Many years ago, before I had kids, I had a miserable year and didn't want to have anything to do with Christmas. I stayed at home alone with a steak, bottles of wine and some horror films.
It made me feel ten times more miserable because I missed my family when I really didn't think I would.
This year has been a hundred times worse but our family is determined to make this the best Christmas yet. We've missed each other.
What you have in mind sounds perfectly nice, but keep an open mind.

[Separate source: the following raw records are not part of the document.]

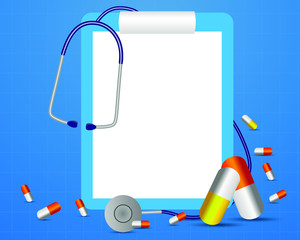 Medical background, vector illustration of medical clipboard and stethoscope and pills isolated on blue background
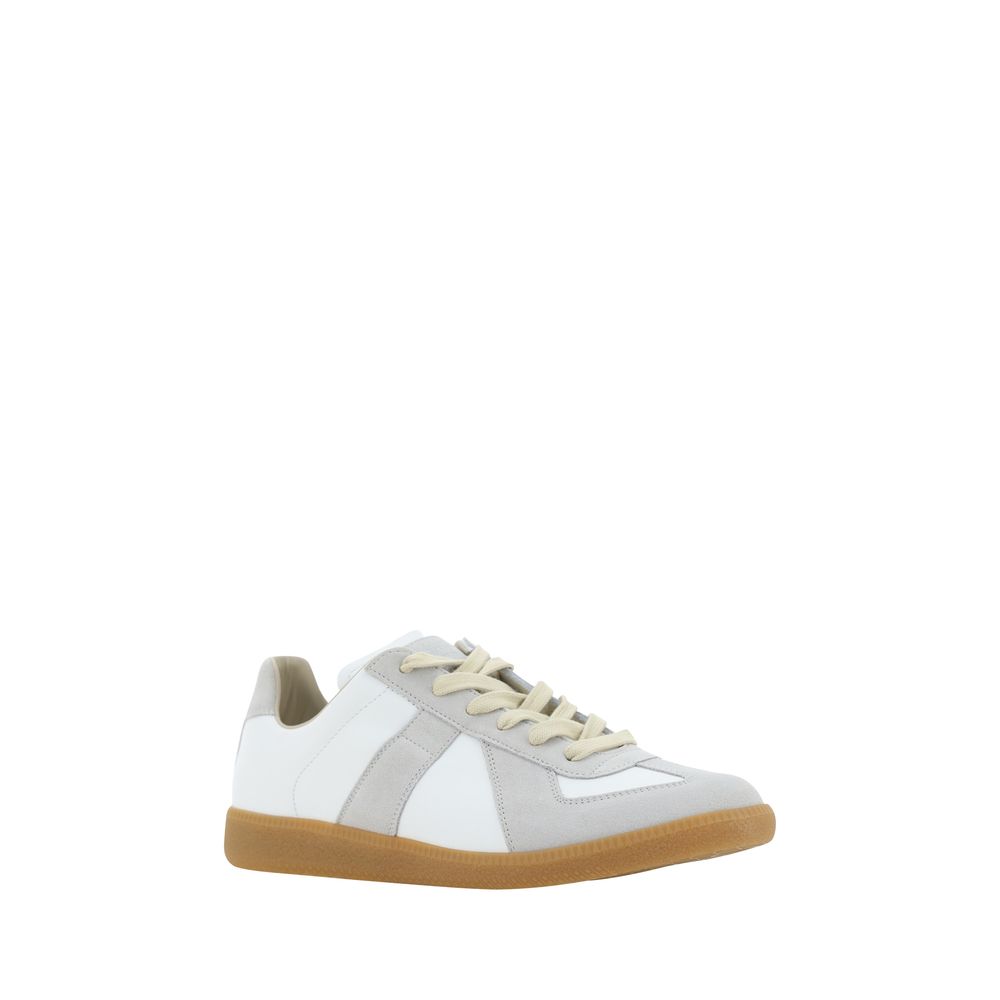 Baskets Margiela à détails en suède blanches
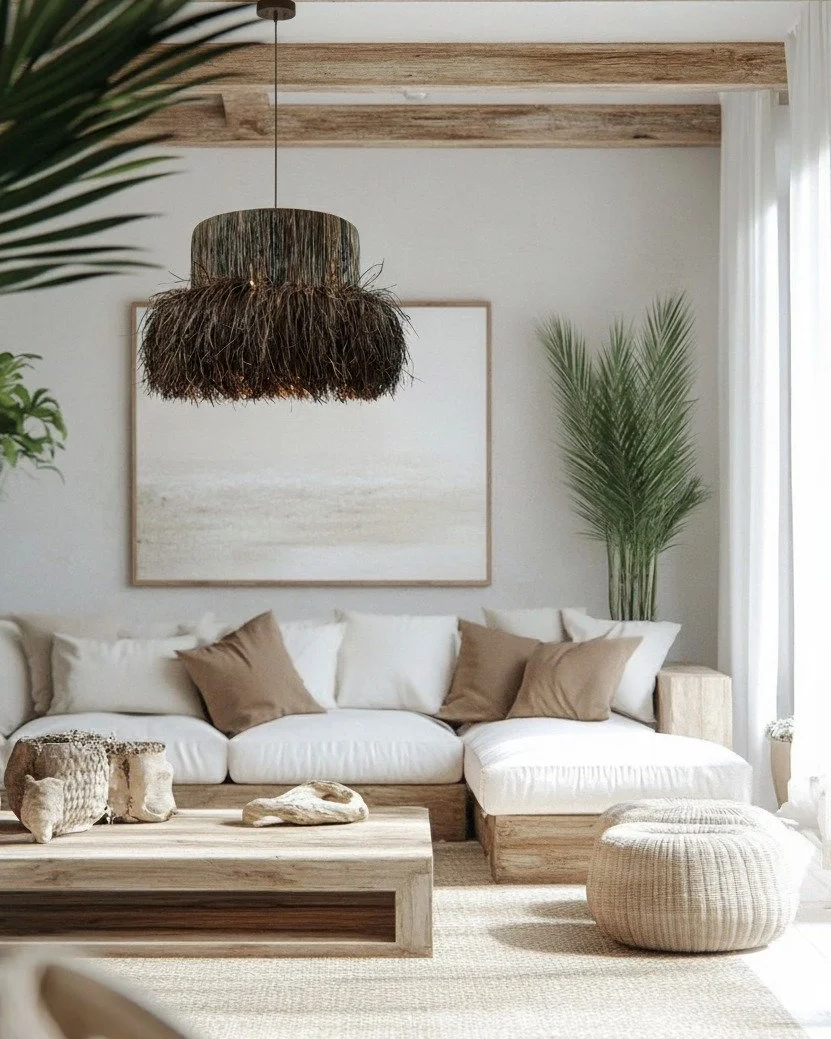 Sala de estar con sofá blanco, cojines marrones, mesa de madera con objetos decorativos de piedra, lámpara de techo de estilo natural, paredes blancas, pintura minimalista, plantas verdes, cortinas blancas.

rosedrop · 06/09/2020 22:39

I prefer new year to Christmas as I always look forward new beginnings. A few years back we had a dark Christmas which took our family down a path I would not able to travel again. That said we still went along with Christmas particulary for my GD sake. The only memory I have of the day is given to me in a picture of her opening presents. New year came and we faced up and moved on scared forever but stronger. I feel that after the shit year we have all had this year we should try and look forward and hope next year will bring new hope. So if you like Christmas then go for it shouting from the roof tops and if you prefer a quiet day then so be it. Don't let this bloody virus spoil your fun. Who knows by Christmas we could all be on lockdown again so I am getting my pressies in now and if I have to have virtual hugs on the day so be it.

ddl1 · 06/09/2020 23:07

I think you are not U to wish to avoid the fanfare and lots of hard work. To avoid arguments and hurt feelings from others, I would probably refer to it not as 'cancelling Christmas' but as 'having a quiet Christmas at home'. I would try to arrange some sort of compromise with your dh: exchange one or two gifts but don't bankrupt yourselves; listen to some carols or watch a bit of Christmas TV; but if he wants a big meal or elaborate decorations, he will have to do the main work himself; and if he does, try to show some gratitude; but don't let yourself get roped into doing lots of exhausting chores. I expect that big indoor get-togethers will still be discouraged at that time (and a garden party is not really going to be feasible in the UK in midwinter), so that many people will be scaling down the celebrations in any case.

stayathomer · 06/09/2020 23:32

Christmas to me is the tree, tv and a tin of celebrations. Even if there is a lockdown this can be managed. It is sad that people won't be able to visit but that means people will have to find their way back to 'we're all in this together'. Zoom calls, care packages, asking people if they need help.